Would you please transcribe the listing exactly, with no images?

#####

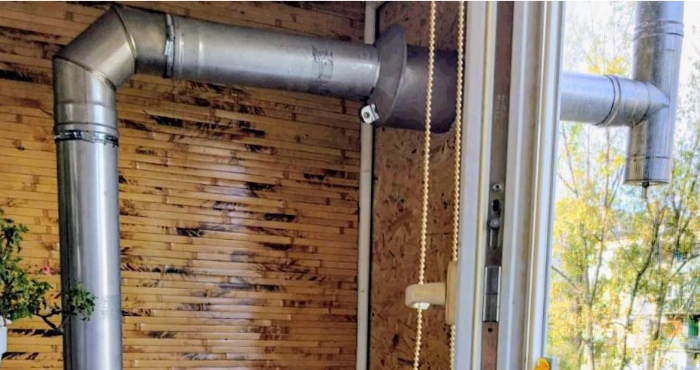 Труба від «буржуйки» з балкона на вулицю / Фото: Микола Лучка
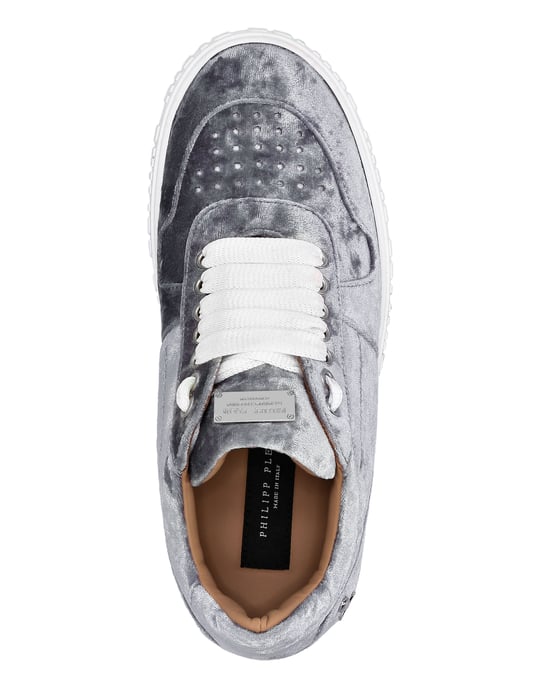 Sneaker - Image 2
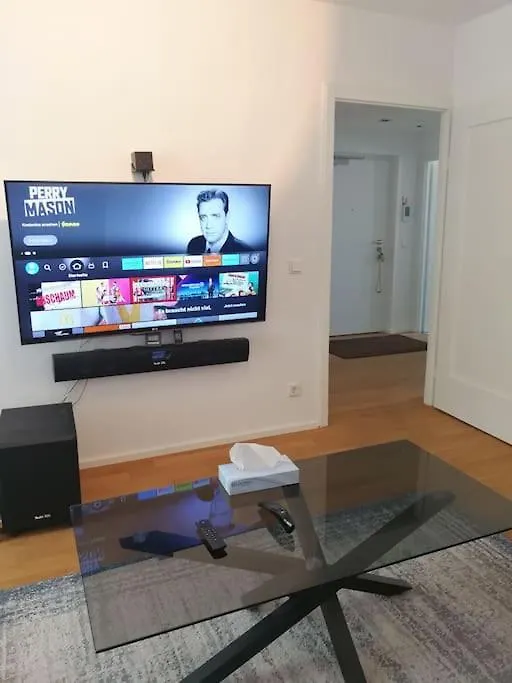 Citysuite Englischer Garten 2 Zimmer Wohnung Ruhig & Privat Parking Munich Apartment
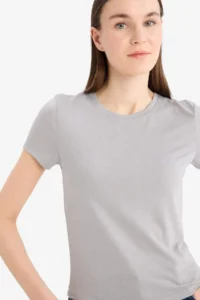 DeFacto Fitted Crew Neck Basic Plain Short Sleeve T-Shirt - Image 4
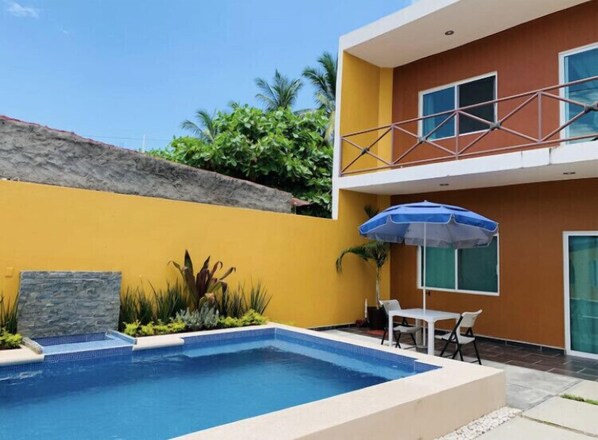 Pool - Casa Bugambilias, 1 and a half blocks from the beach (la peñita de jaltemba)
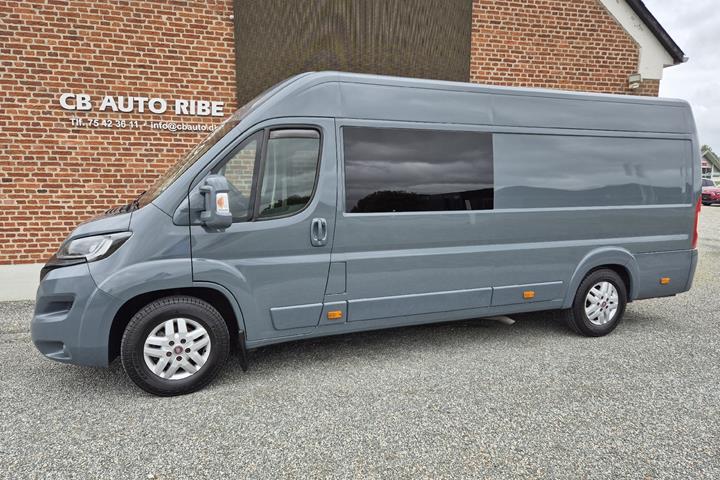 Grå Fiat Ducato fra 2022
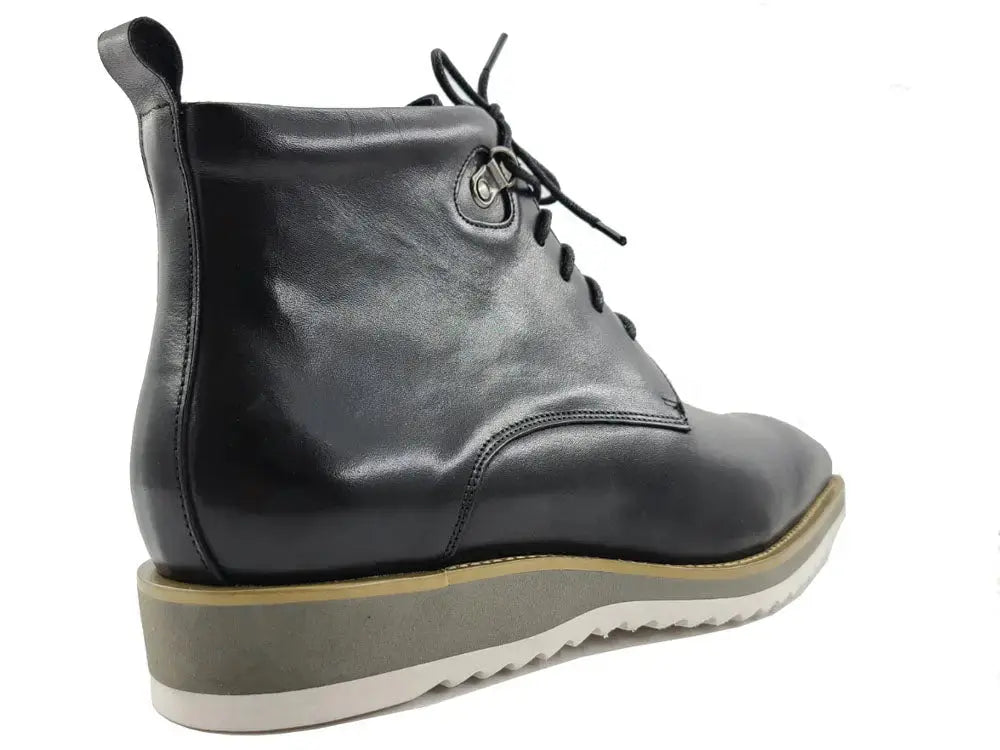Carrucci Burnished Calfskin Lace-Up Boots - Rich Leather Elegance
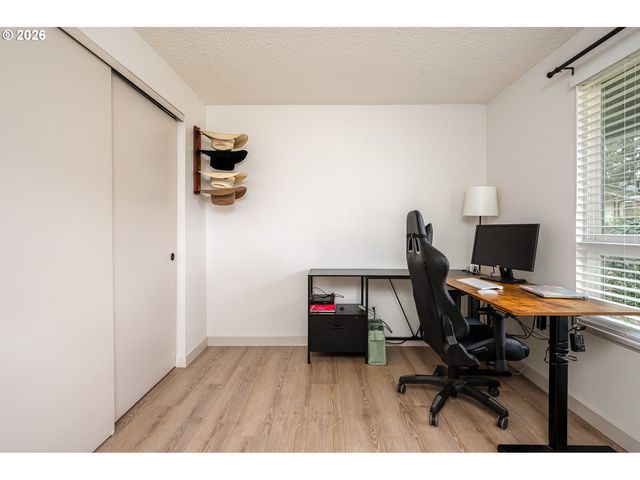 21480 S CLEARVIEW Ct, Oregon City, OR 97045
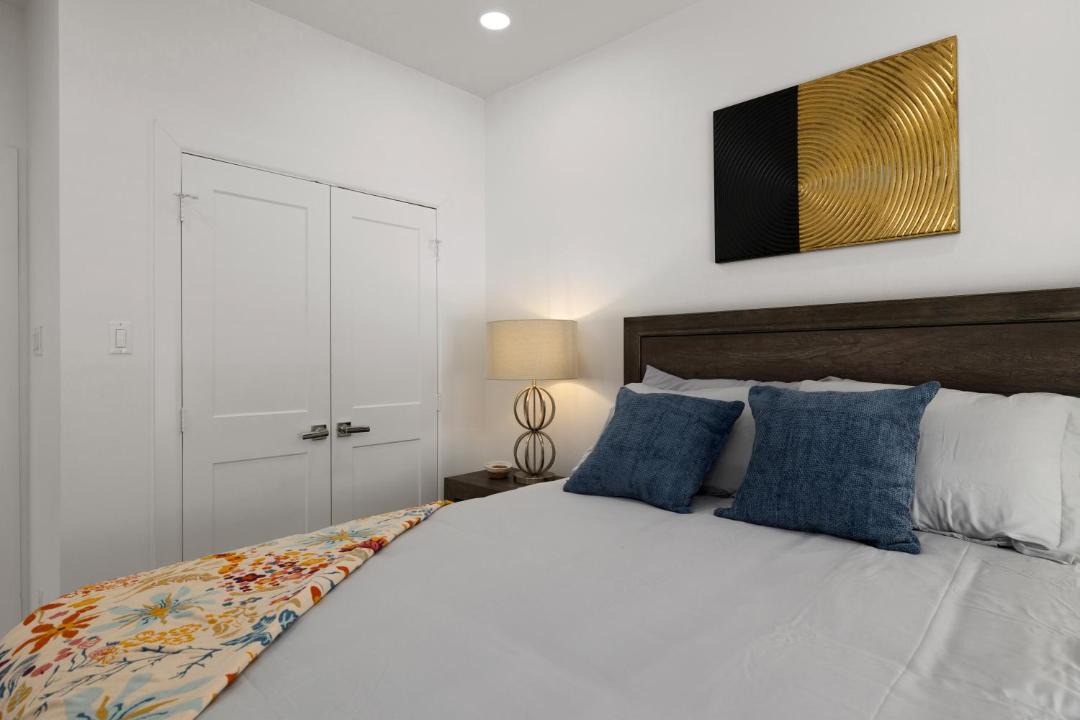 Photo of Bedroom in Edinburg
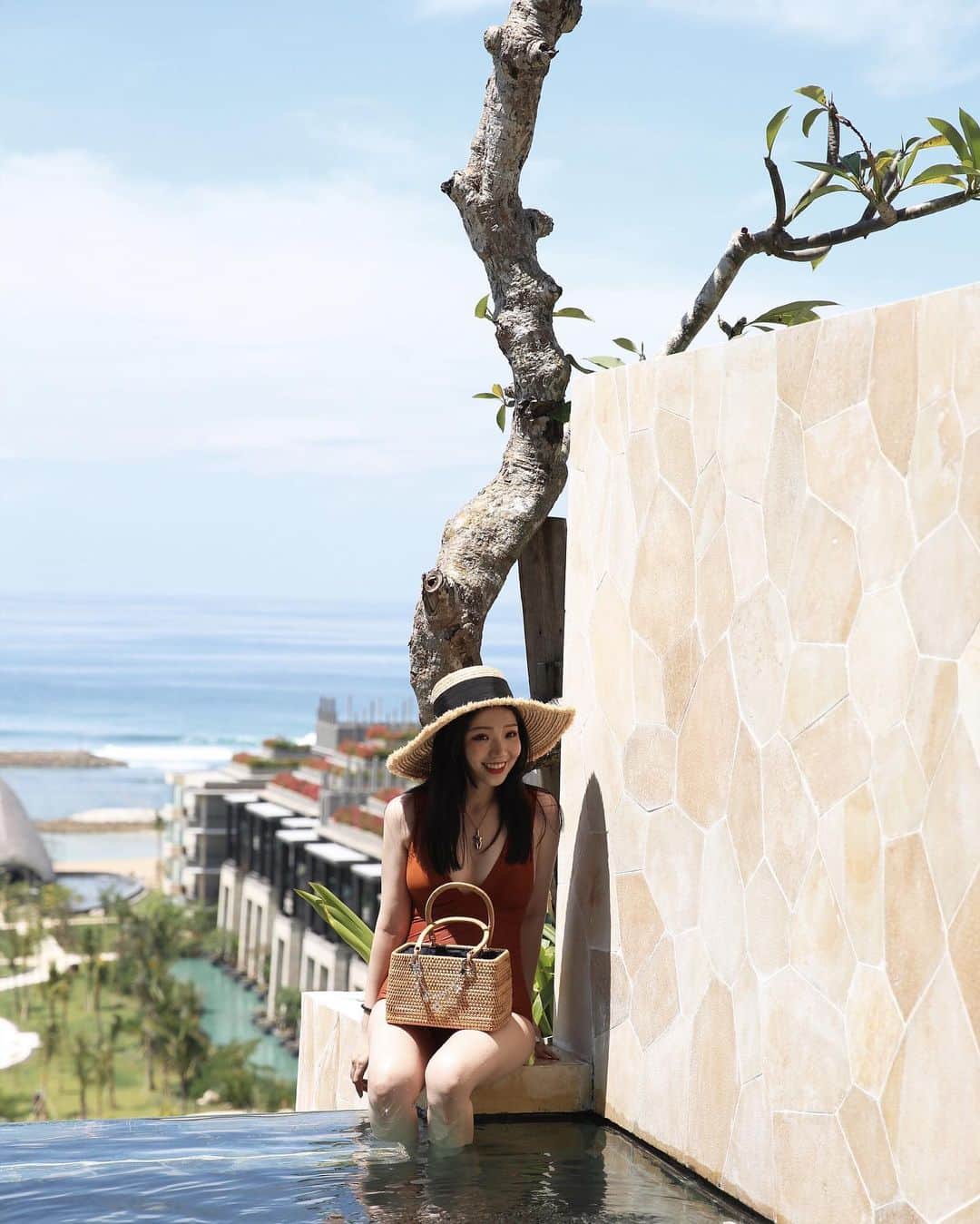 徐琁さんのインスタグラム写真 - (徐琁Instagram)「趁男友在拿行李趕緊偷發🤣🤣🤣 #bali」4月16日 22時50分 - cos55555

#####

▶ EXERCISE ANSWER:
 Труба від «буржуйки» з балкона на вулицю / Фото: Микола Лучка
 Sneaker - Image 2
 Citysuite Englischer Garten 2 Zimmer Wohnung Ruhig & Privat Parking Munich Apartment
 DeFacto Fitted Crew Neck Basic Plain Short Sleeve T-Shirt - Image 4
 Pool - Casa Bugambilias, 1 and a half blocks from the beach (la peñita de jaltemba)
 Grå Fiat Ducato fra 2022
Carrucci Burnished Calfskin Lace-Up Boots - Rich Leather Elegance
 21480 S CLEARVIEW Ct, Oregon City, OR 97045
 Photo of Bedroom in Edinburg
 徐琁さんのインスタグラム写真 - (徐琁Instagram)「趁男友在拿行李趕緊偷發🤣🤣🤣 #bali」4月16日 22時50分 - cos55555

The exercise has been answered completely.